Upon scanning the literature, one finds that a significant body of existing work on hand gesture recognition mainly follows the typical steps of pattern analysis, starting with image preprocessing, segmentation, feature extraction, and classification [2224]. In [25], an efficient multilayer perceptron (MLP) neural network-based approach is presented for the recognition of static gestures of alphabets in Persian Sign Language (PSL), where wavelet features are extracted using discrete wavelet transform (DWT) and an average recognition rate of 94.06% was obtained. In a similar vein, Cao et al. [26] introduce an approach for hand posture recognition, by integrating multiple heterogeneous image features and multiple kernels learning support vector machine (SVM). In their approach, the multiple trained kernels of SVM are used to predict the right category for the input unseen posture. The model was tested on the publicly available Jochen-Triesh hand posture dataset, achieving a competitive recognition accuracy of 99.16%. Additionally, in [27], an attention-based method is proposed for hand posture detection and recognition in presence of complex background objects, where the feature-based visual attention is constructed using a combination of both high-level (texture and shape) and low-level (color) image features. For posture classification, the multi-class SVM was used, achieving an overall accuracy of 94.36%.
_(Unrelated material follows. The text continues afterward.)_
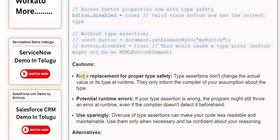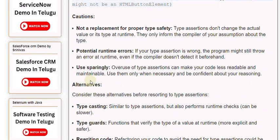Cautions: Type assertions are not a replacement for proper type safety. They don't change the actual value or its type at runtime — they only inform the compiler of your assumption about the type. If your type assertion is wrong, the program might still throw an error at runtime, even if the compiler doesn't detect it beforehand. Overuse of type assertions can make your code less readable and maintainable, so use them only when necessary and be confident about your reasoning.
Another thread of research has focused on the analysis of contour shape to recognize hand postures. For instance, in [11], the authors propose a method for recognizing 14 sign language gestures using contour-based features, where time curvature analysis is used for describing the silhouette of the hand shape and an SVM classifier is then learnt using the extracted features. The convolutional neural networks (CNNs) have been extensively investigated in several gesture recognition works [11, 16, 28], achieving state-of-the-art performance compared to baseline approaches. For example, in [16], a hybrid CNN-SVM approach is proposed, where CNN and SVM are employed as a feature extractor and gesture recognizer, respectively. Moreover, in [13], the authors develop a CNN-based system for hand gesture analysis on iPhone and robot arm platforms, where the binary hand masks are classified into multiple gestures.
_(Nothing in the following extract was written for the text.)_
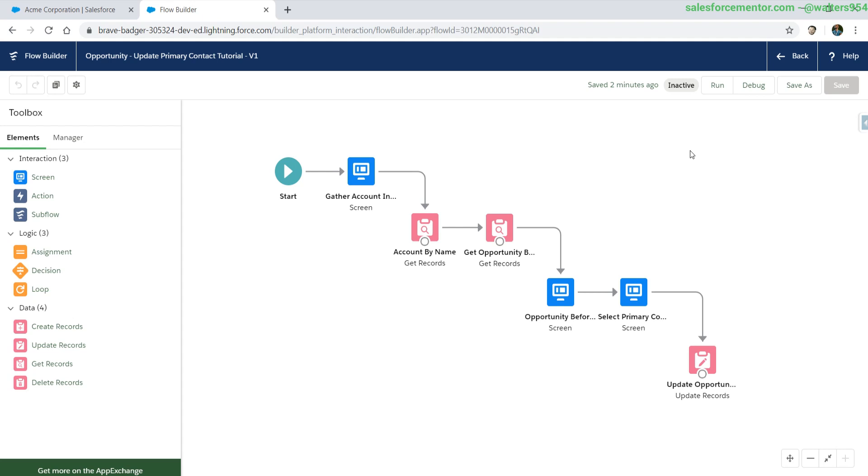Hello everybody, Walters954 here. In this video, I'm going to be going over flow loops.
Most recently, due to the recent advent of commercially available depth sensors, new opportunities have been opened up to advance hand gesture recognition by providing depth information [15, 17, 29]. In [29], Thalmann et al. make use of depth context features and random forest classification for palm pose tracking and gesture recognition in augmented reality, whereas in [15], the static posture of the hands and fingers is best described by employing static-dynamic voxel features that capture the amount of point clouds within a voxel. Furthermore, depth-based gesture recognition was widely perceived to have substantially greater discriminative ability than the color-based counterpart [17]. However, besides the usual inherent drawbacks of wearable depth sensors, e.g., unstable regions and holes in depth videos, their performance was significantly worse in outdoor scenarios, due to the coarse or severely reduced resolution of depth maps [17].

In regard to dynamic hand gesture recognition, one of the most common approaches is to make use of a descriptor (HOF) derived from the optical flow features to characterize dynamic gestures, which adequately constitutes a simplified, yet plausible model for learning and classification of hand motion patterns [1821]. For instance, in [18, 19], an egocentric gesture classification system is developed to recognize the user’s interactions with artworks in a museum. After camera-motion compensation, the feature points at different spatial scales in the hand’s region of interest (ROI) are computed and tracked. Multiple local descriptors (e.g., HOG, HOF, and MBH) are then extracted from the spatiotemporal volume. After applying the power normalization to the above descriptors to decease the sparsity of the semi-local features, the normalized descriptors are encoded via Bag-of-Words (BoW) model and fed into linear SVMs for multiple gesture classification. In a similar vein, in [20, 21], dynamic gestures with a single movement, such as swiping left, right, up, and down, are recognized, based on the direction of the flow vectors computed over the entire duration of gestures, and using predefined thresholds on the gesture movement orientation.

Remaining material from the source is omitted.